Supplied data section start
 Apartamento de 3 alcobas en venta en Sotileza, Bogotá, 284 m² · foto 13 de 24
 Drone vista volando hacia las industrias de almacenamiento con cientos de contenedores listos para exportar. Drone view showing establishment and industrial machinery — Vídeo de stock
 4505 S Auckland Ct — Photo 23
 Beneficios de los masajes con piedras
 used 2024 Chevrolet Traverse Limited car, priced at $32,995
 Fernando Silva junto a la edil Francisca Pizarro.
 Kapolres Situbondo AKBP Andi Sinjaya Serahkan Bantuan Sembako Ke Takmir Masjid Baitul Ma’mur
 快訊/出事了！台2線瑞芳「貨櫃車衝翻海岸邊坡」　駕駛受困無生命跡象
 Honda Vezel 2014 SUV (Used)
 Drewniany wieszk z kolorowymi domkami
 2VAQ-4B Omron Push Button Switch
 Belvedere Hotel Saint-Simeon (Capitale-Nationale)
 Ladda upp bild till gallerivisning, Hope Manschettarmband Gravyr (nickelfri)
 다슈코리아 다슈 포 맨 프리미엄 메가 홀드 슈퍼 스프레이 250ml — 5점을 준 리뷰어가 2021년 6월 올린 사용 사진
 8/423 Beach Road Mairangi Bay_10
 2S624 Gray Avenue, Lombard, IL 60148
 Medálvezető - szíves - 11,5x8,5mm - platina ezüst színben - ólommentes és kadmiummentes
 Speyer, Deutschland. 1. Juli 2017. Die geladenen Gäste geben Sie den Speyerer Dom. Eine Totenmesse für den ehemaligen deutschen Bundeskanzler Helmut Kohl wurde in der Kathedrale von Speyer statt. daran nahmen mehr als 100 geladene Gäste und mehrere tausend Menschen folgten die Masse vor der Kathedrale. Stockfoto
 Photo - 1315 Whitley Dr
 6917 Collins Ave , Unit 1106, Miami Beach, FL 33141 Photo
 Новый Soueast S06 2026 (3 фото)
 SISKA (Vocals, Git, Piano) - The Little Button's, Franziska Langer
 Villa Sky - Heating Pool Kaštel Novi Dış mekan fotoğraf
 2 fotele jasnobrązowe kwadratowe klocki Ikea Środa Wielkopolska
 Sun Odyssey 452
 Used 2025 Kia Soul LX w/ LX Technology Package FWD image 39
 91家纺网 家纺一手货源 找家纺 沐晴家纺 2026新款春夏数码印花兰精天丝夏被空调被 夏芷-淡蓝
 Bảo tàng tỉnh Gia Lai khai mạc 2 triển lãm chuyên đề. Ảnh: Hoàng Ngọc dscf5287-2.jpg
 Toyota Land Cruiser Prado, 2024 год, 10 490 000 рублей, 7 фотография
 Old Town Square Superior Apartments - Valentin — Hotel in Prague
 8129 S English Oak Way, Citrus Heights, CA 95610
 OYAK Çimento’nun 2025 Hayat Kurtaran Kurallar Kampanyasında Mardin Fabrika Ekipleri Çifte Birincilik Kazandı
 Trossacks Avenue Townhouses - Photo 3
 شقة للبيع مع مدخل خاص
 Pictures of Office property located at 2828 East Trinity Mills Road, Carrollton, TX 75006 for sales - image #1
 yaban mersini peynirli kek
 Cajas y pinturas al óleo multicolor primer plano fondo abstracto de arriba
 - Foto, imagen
Supplied data section end
:: Assignment ::
All lines from the one that holds "Bảo tàng tỉnh" through the end of the records are to be returned exactly, including both boundary lines, and no others.

:: Output of the exercise ::
 Bảo tàng tỉnh Gia Lai khai mạc 2 triển lãm chuyên đề. Ảnh: Hoàng Ngọc dscf5287-2.jpg
 Toyota Land Cruiser Prado, 2024 год, 10 490 000 рублей, 7 фотография
 Old Town Square Superior Apartments - Valentin — Hotel in Prague
 8129 S English Oak Way, Citrus Heights, CA 95610
 OYAK Çimento’nun 2025 Hayat Kurtaran Kurallar Kampanyasında Mardin Fabrika Ekipleri Çifte Birincilik Kazandı
 Trossacks Avenue Townhouses - Photo 3
 شقة للبيع مع مدخل خاص
 Pictures of Office property located at 2828 East Trinity Mills Road, Carrollton, TX 75006 for sales - image #1
 yaban mersini peynirli kek
 Cajas y pinturas al óleo multicolor primer plano fondo abstracto de arriba
 - Foto, imagen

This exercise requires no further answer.